In a lot of cases we want to perform inference with PoET on data that has no ground truth annotation. For this we provide our inference_tools. Currently it contains a simple script to load a custom dataset, processes every image and stores the 6D pose predcitions in a JSON file. The inference mode can be simply activated by using the --inference
flag and setting the parameters correctly. To run PoET in inference mode in the Docker container:
docker run --entrypoint= -v /path/to/code/poet:/opt/project -v /path/to/data:/data -v /path/to/output:/output --rm --gpus all aaucns/poet:latest python -u ../opt/project/main.py --enc_layers 5 --dec_layers 5 --n_heads 16 --resume /path/to/model/checkpoint0049.pth --inference --inference_path /path/to/inference/data --inference_output /path/to/output/dir
Distributed Training
If you have multiple GPUs it is possible to train PoET with this script. To launch distributed training, run
python launch_distributed.py --train_arg_1 --traing_arg_2
So for example, if you run single GPU training using
python main.py --epochs 100 --resume output/checkpoint.pth --num_workers 6
It would then be
python launch_distributed.py --epochs 100 --resume output/checkpoint.pth --num_workers 6
Please checkout the runtime arguments in the launch_distributed.py and main.py scripts and adapt them to your scenario (e.g. number of GPUs). The distributed training also works in the provided docker container, however it requires an additional runtime argument:
docker run --entrypoint= -v /path/to/code/poet:/opt/project -v /path/to/data:/data -v /path/to/output:/output --rm --ipc=host --gpus all aaucns/poet:latest python -u ../opt/project/launch_distributed.py --train_arg_1 --traing_arg_2
Scaled-YOLOv4 Backbone
This repository allows the user to run PoET with a Mask R-CNN object detector backbone. However, if you would like to reproduce the state-of-the-art results presented in our paper you can download our wrapper for the Scaled-YOLOv4 object detector backbone from our Github (License: GPL 3.0).
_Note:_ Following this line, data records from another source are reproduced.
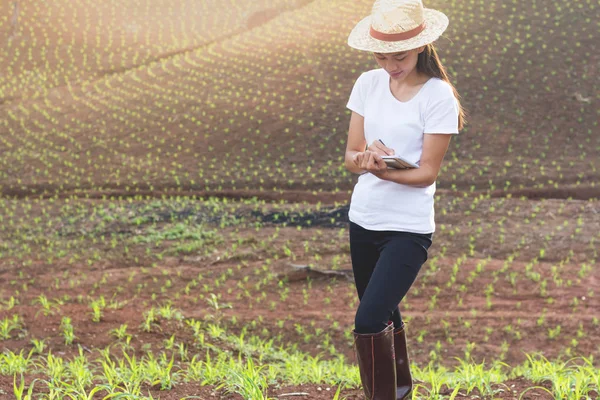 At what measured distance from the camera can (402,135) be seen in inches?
118

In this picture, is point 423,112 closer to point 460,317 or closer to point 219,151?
point 460,317

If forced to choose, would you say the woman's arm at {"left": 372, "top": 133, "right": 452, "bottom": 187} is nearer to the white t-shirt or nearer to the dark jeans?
the white t-shirt

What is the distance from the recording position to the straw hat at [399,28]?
294cm

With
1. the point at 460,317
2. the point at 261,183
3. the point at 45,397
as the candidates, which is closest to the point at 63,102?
the point at 261,183

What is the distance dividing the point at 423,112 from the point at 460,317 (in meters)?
5.69

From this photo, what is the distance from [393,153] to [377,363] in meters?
0.84

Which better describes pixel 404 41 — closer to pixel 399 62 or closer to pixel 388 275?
pixel 399 62

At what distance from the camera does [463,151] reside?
1827 centimetres

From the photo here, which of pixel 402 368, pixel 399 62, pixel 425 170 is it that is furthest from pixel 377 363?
pixel 399 62

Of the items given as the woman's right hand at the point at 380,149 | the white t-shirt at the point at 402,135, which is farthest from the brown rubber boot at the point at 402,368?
the woman's right hand at the point at 380,149

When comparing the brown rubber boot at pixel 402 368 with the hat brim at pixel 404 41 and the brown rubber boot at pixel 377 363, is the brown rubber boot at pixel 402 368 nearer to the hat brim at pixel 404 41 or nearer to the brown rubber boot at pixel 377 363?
the brown rubber boot at pixel 377 363

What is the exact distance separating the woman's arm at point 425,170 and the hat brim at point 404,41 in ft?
1.20

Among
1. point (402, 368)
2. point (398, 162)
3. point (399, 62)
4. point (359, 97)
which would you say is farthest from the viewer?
point (402, 368)

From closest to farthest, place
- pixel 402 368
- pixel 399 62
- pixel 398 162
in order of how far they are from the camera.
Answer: pixel 398 162
pixel 399 62
pixel 402 368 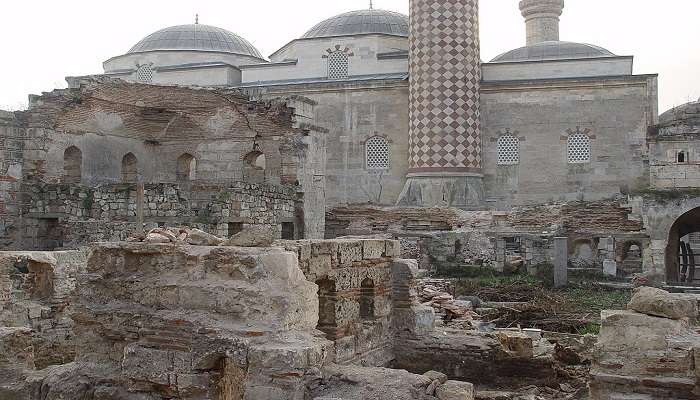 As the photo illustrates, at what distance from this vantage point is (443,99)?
19609 mm

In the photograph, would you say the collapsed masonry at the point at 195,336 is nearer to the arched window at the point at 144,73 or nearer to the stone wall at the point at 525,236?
the stone wall at the point at 525,236

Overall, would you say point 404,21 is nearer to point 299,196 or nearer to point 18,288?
point 299,196

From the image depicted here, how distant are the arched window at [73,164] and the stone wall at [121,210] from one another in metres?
1.68

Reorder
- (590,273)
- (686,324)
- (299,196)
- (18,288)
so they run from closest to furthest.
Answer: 1. (686,324)
2. (18,288)
3. (590,273)
4. (299,196)

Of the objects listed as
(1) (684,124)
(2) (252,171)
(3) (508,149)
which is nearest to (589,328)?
(2) (252,171)

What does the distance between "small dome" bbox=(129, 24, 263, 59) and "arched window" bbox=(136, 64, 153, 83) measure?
0.67 m

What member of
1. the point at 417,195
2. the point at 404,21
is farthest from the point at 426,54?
the point at 404,21

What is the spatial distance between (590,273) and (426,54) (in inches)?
319

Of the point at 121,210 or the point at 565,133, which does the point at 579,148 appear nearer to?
the point at 565,133

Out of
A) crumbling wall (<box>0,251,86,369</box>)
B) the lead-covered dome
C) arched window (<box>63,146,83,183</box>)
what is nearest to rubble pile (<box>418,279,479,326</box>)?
crumbling wall (<box>0,251,86,369</box>)

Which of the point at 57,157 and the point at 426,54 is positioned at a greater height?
the point at 426,54

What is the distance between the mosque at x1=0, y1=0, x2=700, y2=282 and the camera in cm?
1372

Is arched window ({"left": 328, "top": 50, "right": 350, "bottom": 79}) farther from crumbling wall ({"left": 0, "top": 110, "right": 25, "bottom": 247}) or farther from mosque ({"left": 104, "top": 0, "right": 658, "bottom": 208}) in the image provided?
crumbling wall ({"left": 0, "top": 110, "right": 25, "bottom": 247})

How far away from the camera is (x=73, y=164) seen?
15.3 meters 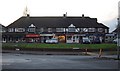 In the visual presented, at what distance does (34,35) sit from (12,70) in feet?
296

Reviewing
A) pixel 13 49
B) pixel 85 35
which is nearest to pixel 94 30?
pixel 85 35

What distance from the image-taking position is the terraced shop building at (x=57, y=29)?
111575 millimetres

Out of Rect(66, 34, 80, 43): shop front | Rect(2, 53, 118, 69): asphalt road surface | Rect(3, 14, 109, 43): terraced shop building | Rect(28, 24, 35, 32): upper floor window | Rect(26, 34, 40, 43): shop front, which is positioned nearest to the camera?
Rect(2, 53, 118, 69): asphalt road surface

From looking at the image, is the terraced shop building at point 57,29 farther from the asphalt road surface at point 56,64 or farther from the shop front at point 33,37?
the asphalt road surface at point 56,64

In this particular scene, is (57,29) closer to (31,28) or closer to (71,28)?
(71,28)

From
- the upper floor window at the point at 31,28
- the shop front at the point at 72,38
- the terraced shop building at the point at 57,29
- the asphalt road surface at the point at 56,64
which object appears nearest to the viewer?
the asphalt road surface at the point at 56,64

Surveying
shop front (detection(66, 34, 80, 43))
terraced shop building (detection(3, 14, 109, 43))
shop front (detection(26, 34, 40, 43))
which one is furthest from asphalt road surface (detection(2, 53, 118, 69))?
terraced shop building (detection(3, 14, 109, 43))

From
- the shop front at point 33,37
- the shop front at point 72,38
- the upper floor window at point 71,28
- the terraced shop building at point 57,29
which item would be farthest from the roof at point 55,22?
the shop front at point 33,37

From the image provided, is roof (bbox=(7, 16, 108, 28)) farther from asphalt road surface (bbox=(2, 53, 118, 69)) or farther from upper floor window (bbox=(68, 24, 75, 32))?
asphalt road surface (bbox=(2, 53, 118, 69))

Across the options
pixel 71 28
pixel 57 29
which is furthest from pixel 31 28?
pixel 71 28

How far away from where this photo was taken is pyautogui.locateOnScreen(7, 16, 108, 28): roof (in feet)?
367

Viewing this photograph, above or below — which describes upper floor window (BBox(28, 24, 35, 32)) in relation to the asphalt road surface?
above

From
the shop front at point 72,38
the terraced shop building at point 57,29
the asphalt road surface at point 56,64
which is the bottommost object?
the asphalt road surface at point 56,64

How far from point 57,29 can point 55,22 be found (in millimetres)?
2186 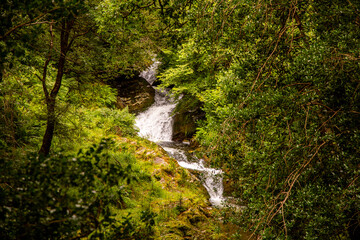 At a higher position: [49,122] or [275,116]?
[49,122]

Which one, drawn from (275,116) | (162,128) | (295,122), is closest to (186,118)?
(162,128)

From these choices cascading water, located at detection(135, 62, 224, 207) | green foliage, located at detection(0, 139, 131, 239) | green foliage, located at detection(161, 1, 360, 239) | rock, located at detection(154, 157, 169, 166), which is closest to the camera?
green foliage, located at detection(0, 139, 131, 239)

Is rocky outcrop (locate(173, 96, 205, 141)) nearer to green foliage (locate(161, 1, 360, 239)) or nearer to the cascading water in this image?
the cascading water

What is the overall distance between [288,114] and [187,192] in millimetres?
5832

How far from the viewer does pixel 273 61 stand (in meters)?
4.72

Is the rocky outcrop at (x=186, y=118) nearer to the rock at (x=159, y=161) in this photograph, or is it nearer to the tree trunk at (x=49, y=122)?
the rock at (x=159, y=161)

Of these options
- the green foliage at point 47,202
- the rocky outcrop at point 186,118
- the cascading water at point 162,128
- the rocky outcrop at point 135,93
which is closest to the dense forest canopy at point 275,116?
the green foliage at point 47,202

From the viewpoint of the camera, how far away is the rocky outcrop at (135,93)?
20422 millimetres

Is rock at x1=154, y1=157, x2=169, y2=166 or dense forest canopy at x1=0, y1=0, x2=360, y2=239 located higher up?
dense forest canopy at x1=0, y1=0, x2=360, y2=239

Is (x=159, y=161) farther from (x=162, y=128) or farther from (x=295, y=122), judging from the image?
(x=162, y=128)

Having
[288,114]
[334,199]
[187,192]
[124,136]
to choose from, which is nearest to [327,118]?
Result: [288,114]

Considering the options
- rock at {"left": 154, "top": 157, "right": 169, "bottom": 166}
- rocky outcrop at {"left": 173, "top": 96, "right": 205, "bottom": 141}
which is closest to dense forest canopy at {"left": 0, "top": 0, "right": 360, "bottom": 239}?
rock at {"left": 154, "top": 157, "right": 169, "bottom": 166}

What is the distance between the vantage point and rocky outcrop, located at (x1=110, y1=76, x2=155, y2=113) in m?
20.4

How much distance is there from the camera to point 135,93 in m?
21.7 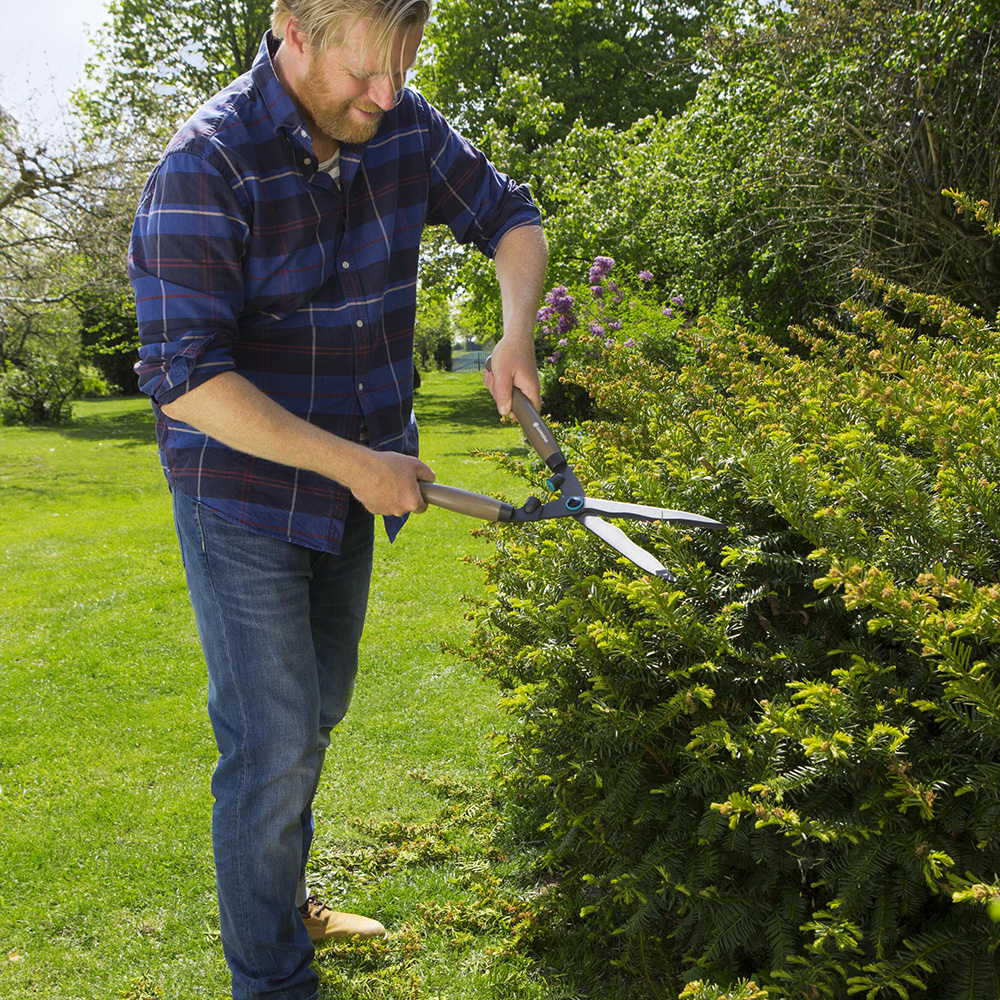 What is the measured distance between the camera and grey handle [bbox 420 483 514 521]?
2109 mm

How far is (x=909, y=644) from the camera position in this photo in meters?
1.83

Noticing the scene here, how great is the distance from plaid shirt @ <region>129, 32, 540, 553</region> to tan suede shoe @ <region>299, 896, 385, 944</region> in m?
1.23

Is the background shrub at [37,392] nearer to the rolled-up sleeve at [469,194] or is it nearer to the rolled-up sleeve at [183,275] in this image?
the rolled-up sleeve at [469,194]

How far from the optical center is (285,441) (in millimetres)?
1957

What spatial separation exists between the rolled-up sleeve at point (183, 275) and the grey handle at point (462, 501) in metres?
0.54

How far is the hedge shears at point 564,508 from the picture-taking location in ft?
6.70

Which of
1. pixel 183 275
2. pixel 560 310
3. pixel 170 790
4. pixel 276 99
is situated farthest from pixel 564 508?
pixel 560 310

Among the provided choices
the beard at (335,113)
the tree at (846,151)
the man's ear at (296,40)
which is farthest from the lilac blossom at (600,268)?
the man's ear at (296,40)

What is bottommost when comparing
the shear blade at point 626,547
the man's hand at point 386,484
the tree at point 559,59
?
the shear blade at point 626,547

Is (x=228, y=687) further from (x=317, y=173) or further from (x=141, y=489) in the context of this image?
(x=141, y=489)

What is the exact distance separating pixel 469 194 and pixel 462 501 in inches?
43.5

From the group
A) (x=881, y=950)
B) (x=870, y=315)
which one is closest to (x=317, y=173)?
(x=870, y=315)

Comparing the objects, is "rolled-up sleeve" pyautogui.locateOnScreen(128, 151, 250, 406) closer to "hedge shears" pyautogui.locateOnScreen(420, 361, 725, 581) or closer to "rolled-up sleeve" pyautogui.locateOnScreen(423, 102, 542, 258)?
"hedge shears" pyautogui.locateOnScreen(420, 361, 725, 581)

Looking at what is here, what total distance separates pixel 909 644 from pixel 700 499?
0.69m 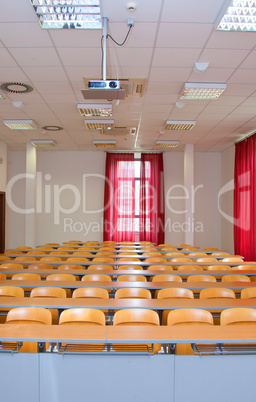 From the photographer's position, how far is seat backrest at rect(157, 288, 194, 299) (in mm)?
3617

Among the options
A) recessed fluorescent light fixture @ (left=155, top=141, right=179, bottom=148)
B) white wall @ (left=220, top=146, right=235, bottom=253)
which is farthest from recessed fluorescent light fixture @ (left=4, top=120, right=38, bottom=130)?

The backbone can be integrated easily into PoET by placing the code into the models directory.
Model Zoo
Pretrained models and corresponding hyperparameter configurations can be downloaded from our website.
BOP Datasets
For both the YCB-V as well as the LM-O datasets, we use the dataset as provided by the BOP Challenge webpage. However, we take the annotations provided by the BOP challenge and transform them to a format inspired by the COCO annotaiton format. This means that each. The corresponding script can be found in data_utils
. The general format of the annotation.json
file is
-
images <dict>: list of images in the dataset with the following information
- file_name <str>: path to file
- id <int>: unique image ID
- width <int>: width of the image
- height <int>: height of the image
- intrinsics <array>: array containing the camera intrinsics (3x3 matrix)
- type <str>: indicator whether the image is real ("real"), synthetically generated by projecting the 3D model ("synth") or generated by photo-realistic simulation ("pbr").
-
categories <dict>: list of categories where each entry contains the name and the ID of the class. Note: class 0 is the
background
class. -
annotations <dict>: list of all annotated objects across all images
- id <int>: unique annotation ID
- image_id <int>: refers to the image this annotation belongs to
- relative_pose <dict>
- position <list>: relative translation of the object with respect to the camera (x, y, z)
- rotation <list>: relative rotation of the object with respect to the camera (3x3 rotation matrix)
- bbox <list>: upper left corner (x1, y1) and width and height of the bounding box in absolute pixel value
- category_id <int>: ID to wich category the object belongs to.
We use a dataloader that requires this specific data structure and thus it might be necessary to adapt the dataloader.